Scraped caption text data
====================

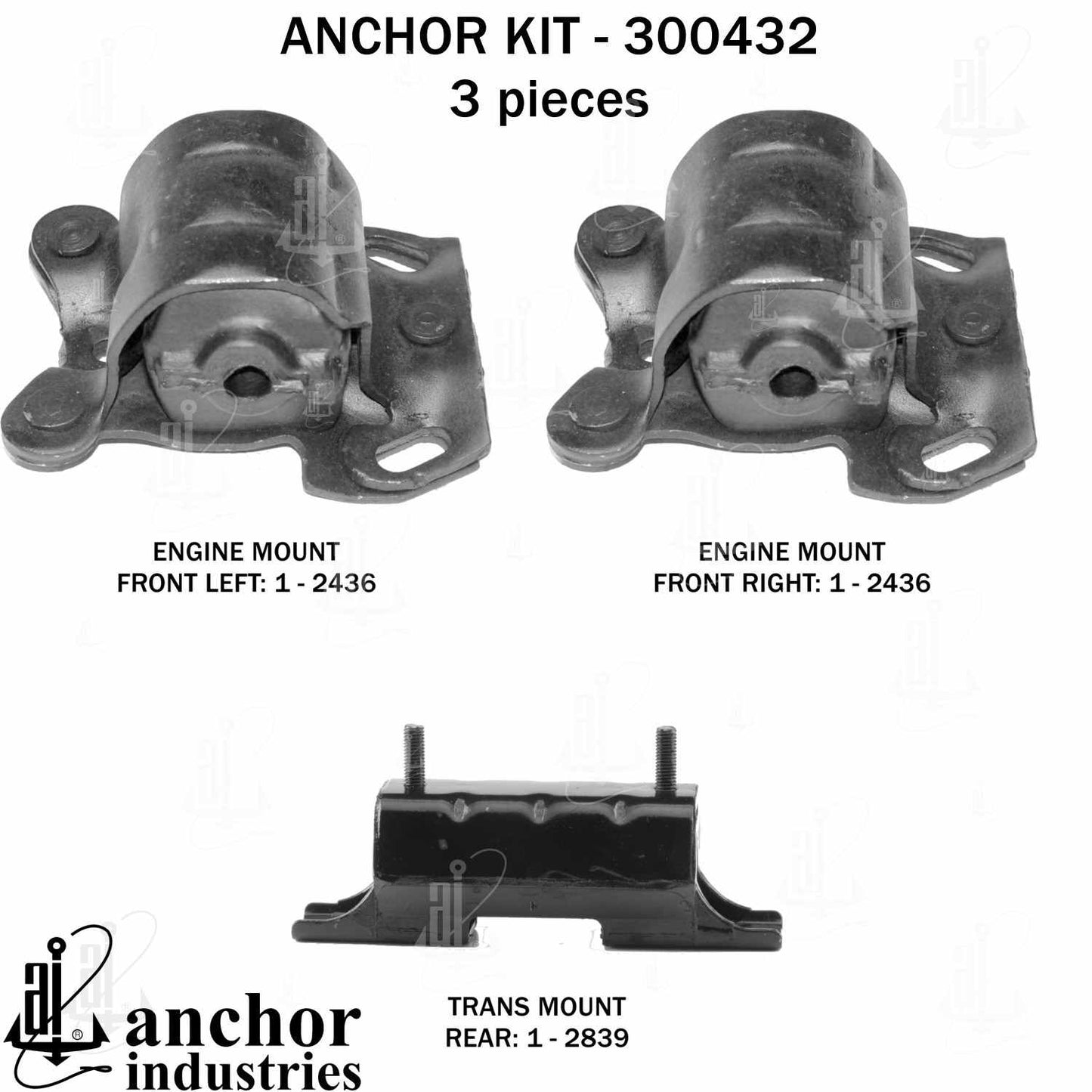 Anchor Engine Mount Kit 300432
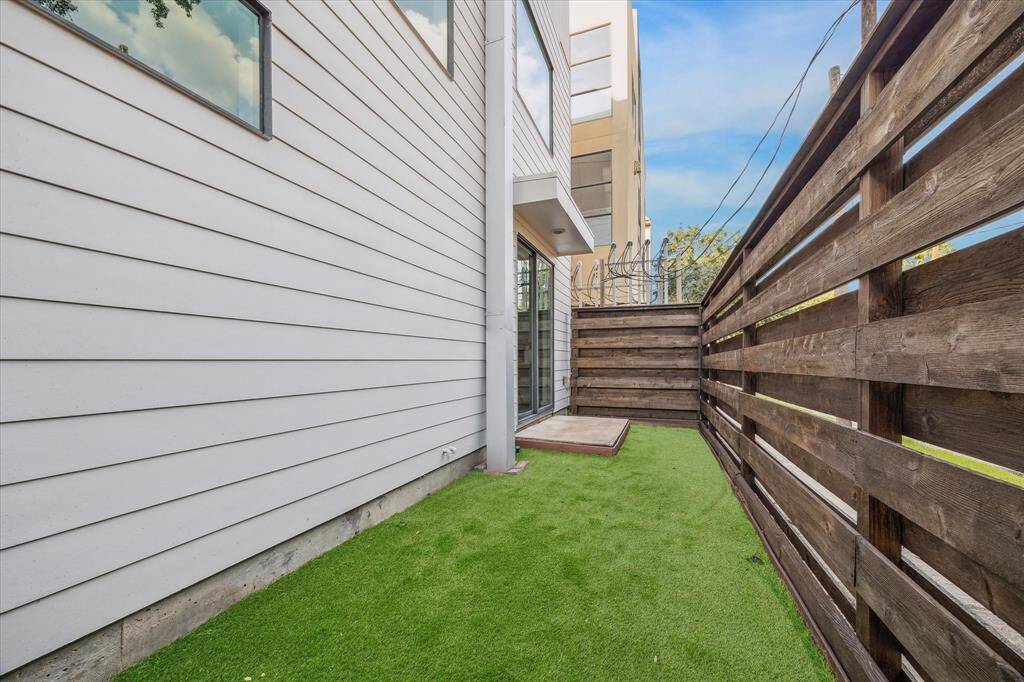 Private, fully-fenced turfed yard.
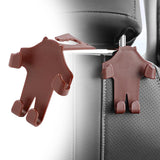 Maxbell Car Seat Headrest Hook Rotatable Car Accessories for Wallet Drink Purse Brown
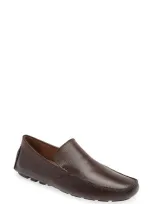 Nordstrom Fletcher Driving Loafer In Brown Chocolate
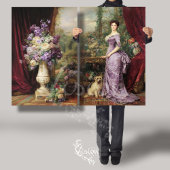 Victorian Lady English Garden Portrait Decoupage  ラッピングペーパーシート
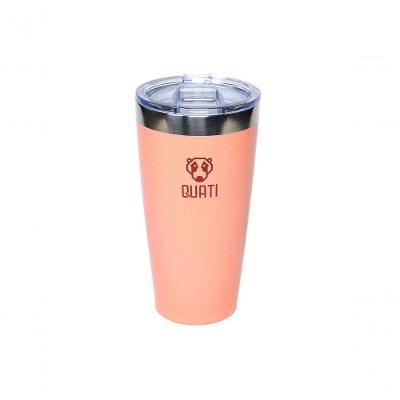 Copo Termico Quati Com Tampa 473ml Coral - Ccct473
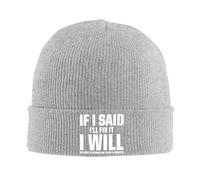 FWJZDSP Se dicessi Che Lo riparerei, Lo farei. Non c'è Bisogno di Un Berretto da Uomo, Un Cappello Invernale da Donna, Un Berretto a Tesa Larga, Nero.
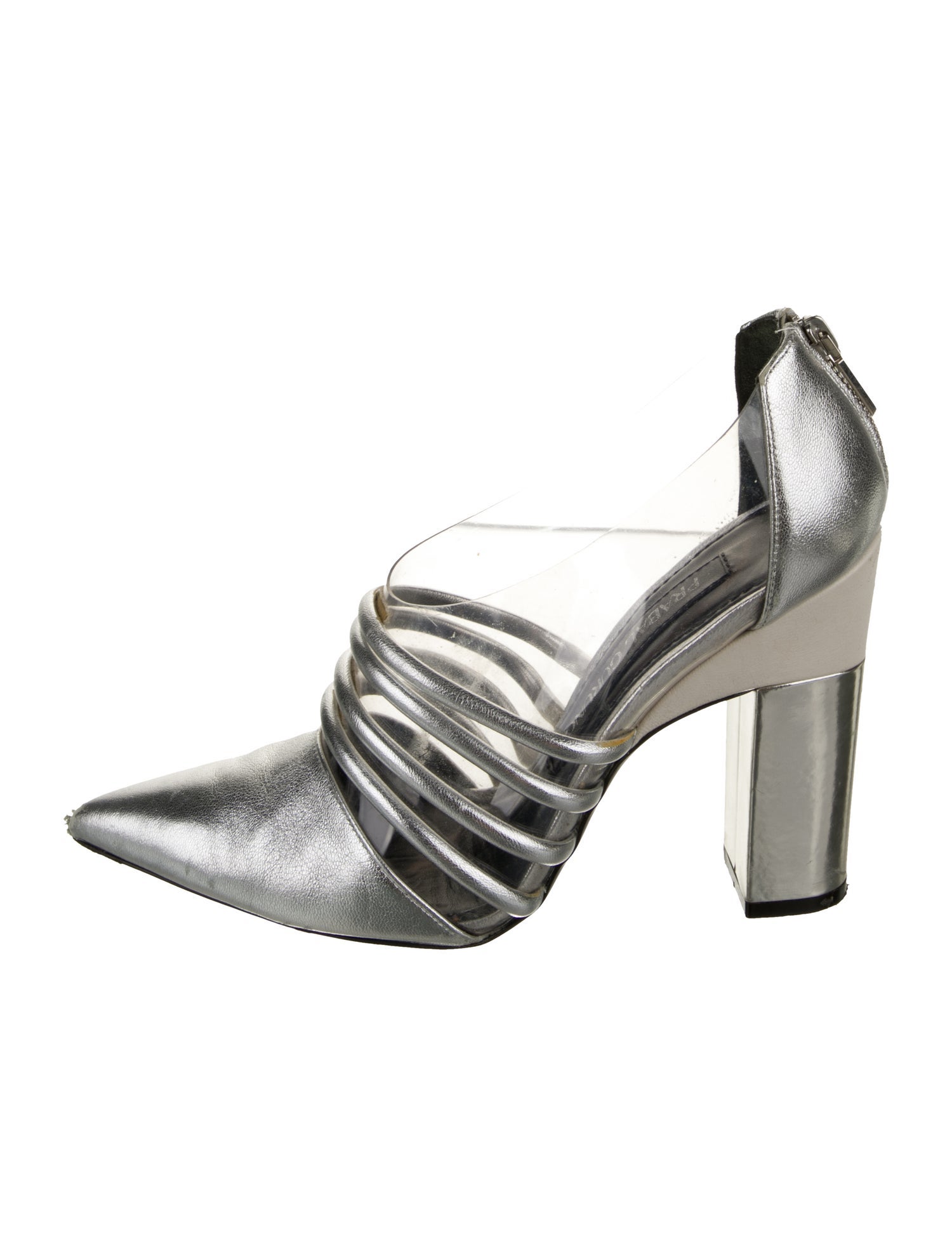 Prabal Gurung Leather Animal Print Pumps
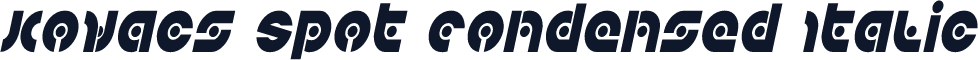 Kovacs Spot Condensed Italic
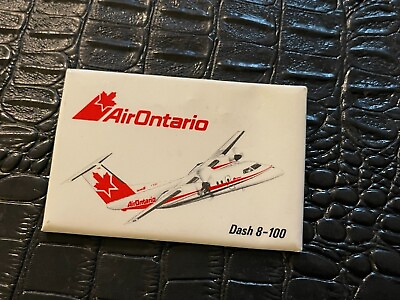 #ad #ad VINTAGE NOS PINBACK #42 AIR ONTARIO airlines CANADA $12.00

====================

WHAT YOU HAVE TO DO:
An exact copy of each entry is required, minus the pictures.

RESULT FOR THIS TASK:
 Anchor Engine Mount Kit 300432
 Private, fully-fenced turfed yard.
 Maxbell Car Seat Headrest Hook Rotatable Car Accessories for Wallet Drink Purse Brown
 Nordstrom Fletcher Driving Loafer In Brown Chocolate
 Victorian Lady English Garden Portrait Decoupage  ラッピングペーパーシート
 Copo Termico Quati Com Tampa 473ml Coral - Ccct473
 FWJZDSP Se dicessi Che Lo riparerei, Lo farei. Non c'è Bisogno di Un Berretto da Uomo, Un Cappello Invernale da Donna, Un Berretto a Tesa Larga, Nero.
 Prabal Gurung Leather Animal Print Pumps
 Kovacs Spot Condensed Italic
 #ad #ad VINTAGE NOS PINBACK #42 AIR ONTARIO airlines CANADA $12.00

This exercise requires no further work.